When adding a trailing stop on an open position, there are three elements to take into consideration:
- The stop level: This can be considered as a normal stop loss. When you add a trailing stop to an open position, your trailing stop is not active immediately. The market needs to move in your favour by the step distance for the trailing stop to be activated. If the market moves far enough against you before your trailing stop is activated, your position will be closed at this stop level.
- The stop distance: This will be the distance between your trailing stop and the market level once your trailing stop is activated.

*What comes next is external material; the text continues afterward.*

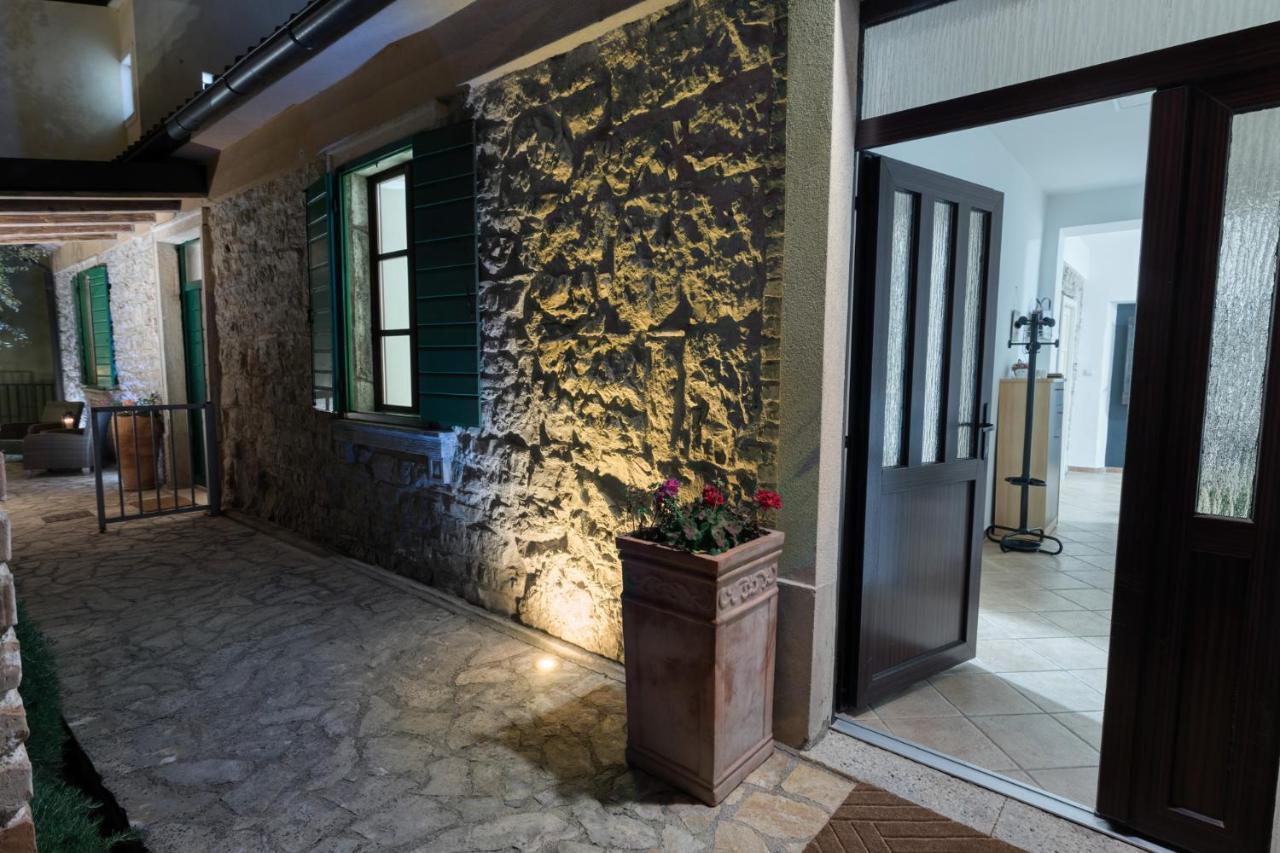 House Dragan 1980 Villa Пула Екстериор снимка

The trailing stop will maintain this stop distance as it tracks the market.
- The step distance: This is the number of points the market needs to move in your favour for the trailing stop to be adjusted upward or downward, depending on whether you are going long or short.
When adding a trailing stop to a new position, its activation level is calculated as:
Stop level + stop distance + step distance (when long)

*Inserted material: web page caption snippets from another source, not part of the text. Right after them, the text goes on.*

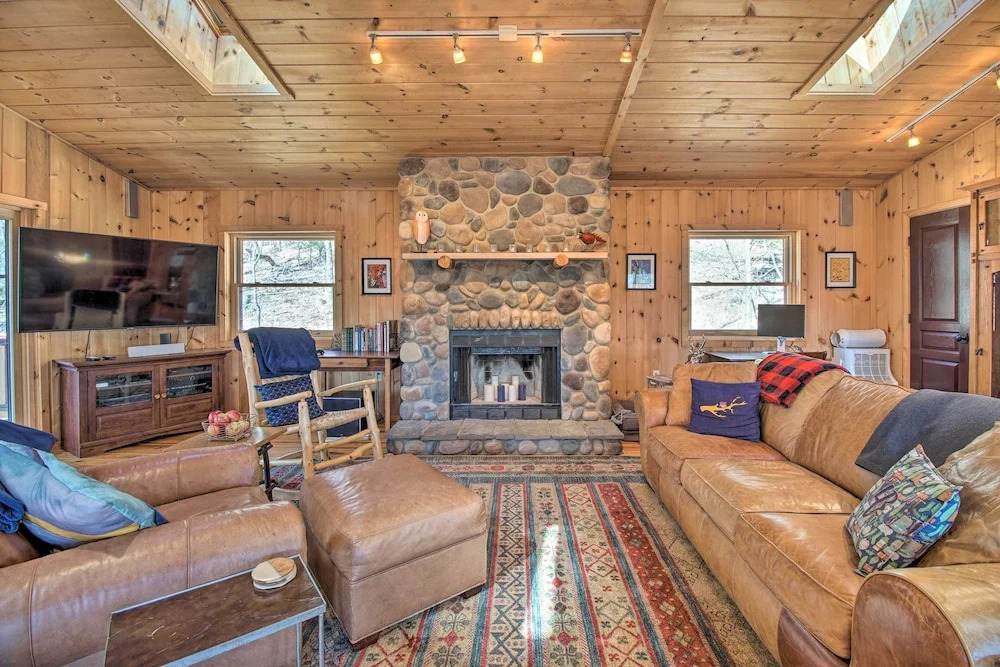 Cabin w/ Decks & Fire Pit Near Lost River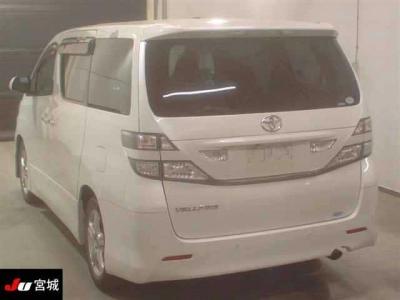 TOYOTA VELLFIRE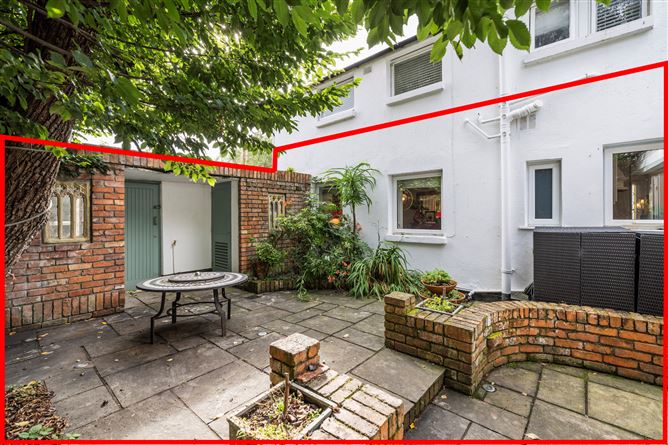 73 Pembroke Lane, Ballsbridge, Dublin 4, D04K061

Stop level - stop distance - step distance (when short)
It is very important to remember that for a trailing stop to be added to an open position on our platform, the activation level must always be above the current market price when long, and below it when short.
Let’s suppose you are adding a trailing stop on a Germany 30 long position, currently trading at 10,468.6.

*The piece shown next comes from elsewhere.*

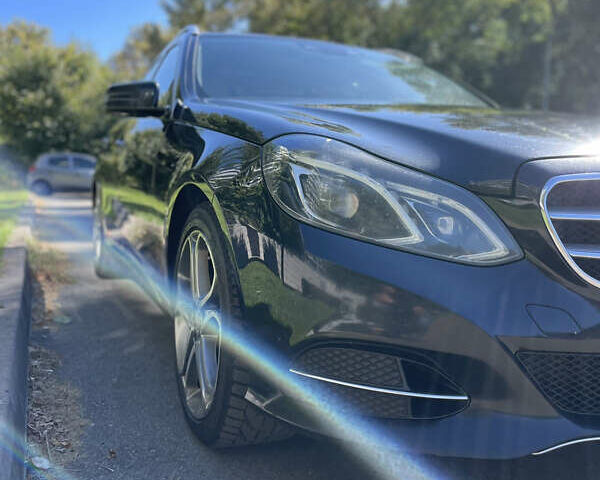 Черный Мерседес Е-Класс, объемом двигателя 2.2 л и пробегом 317 тыс. км за 15400 $, фото 10 на Automoto.ua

You add a stop level at 10450.6, set your stop distance at 15 and your trailing step at 5.
10450.6 + 15 + 5 = 10470.6, the level at which your trailing stop will be activated once the market hits it.
10470.6 is above the current market level of 10468.6, so your entry is accepted.
If the market moves in your favour to pass 10470.6, your trailing stop will be activated with your new stop level at 10,455.6, maintaining the set stop distance of 15 points. Every time the market moves five points in your favour, your stop level will move to maintain that 15-point distance.
Please bear in mind that trailing stops are not guaranteed, and so can be subject to slippage. This means that they may not be executed exactly at the level you’ve specified.